§ **DATA EXCERPTS**:

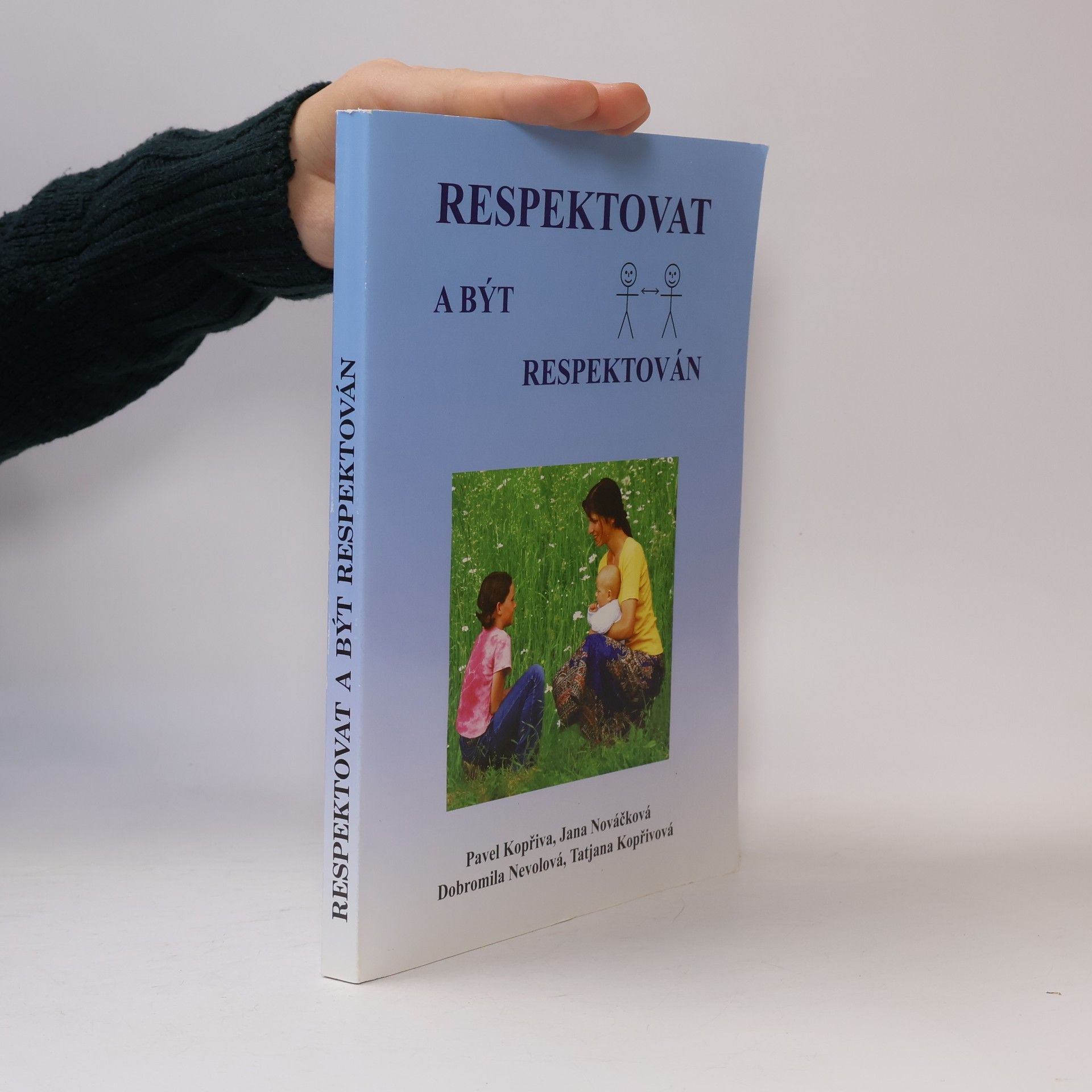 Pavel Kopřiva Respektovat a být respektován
...
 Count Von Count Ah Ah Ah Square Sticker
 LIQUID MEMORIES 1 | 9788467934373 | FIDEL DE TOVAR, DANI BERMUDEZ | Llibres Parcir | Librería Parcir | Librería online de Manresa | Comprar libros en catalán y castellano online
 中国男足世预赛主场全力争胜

§ **WHAT YOU SHOULD DO**: From the records above, print exactly the lines that run from the line with "Count Von Count Ah Ah Ah Square Sticker" to the line with "中国男足世预赛主场全力争胜", inclusive.

§ **REPLY TO THE EXERCISE**:
 Count Von Count Ah Ah Ah Square Sticker
 LIQUID MEMORIES 1 | 9788467934373 | FIDEL DE TOVAR, DANI BERMUDEZ | Llibres Parcir | Librería Parcir | Librería online de Manresa | Comprar libros en catalán y castellano online
 中国男足世预赛主场全力争胜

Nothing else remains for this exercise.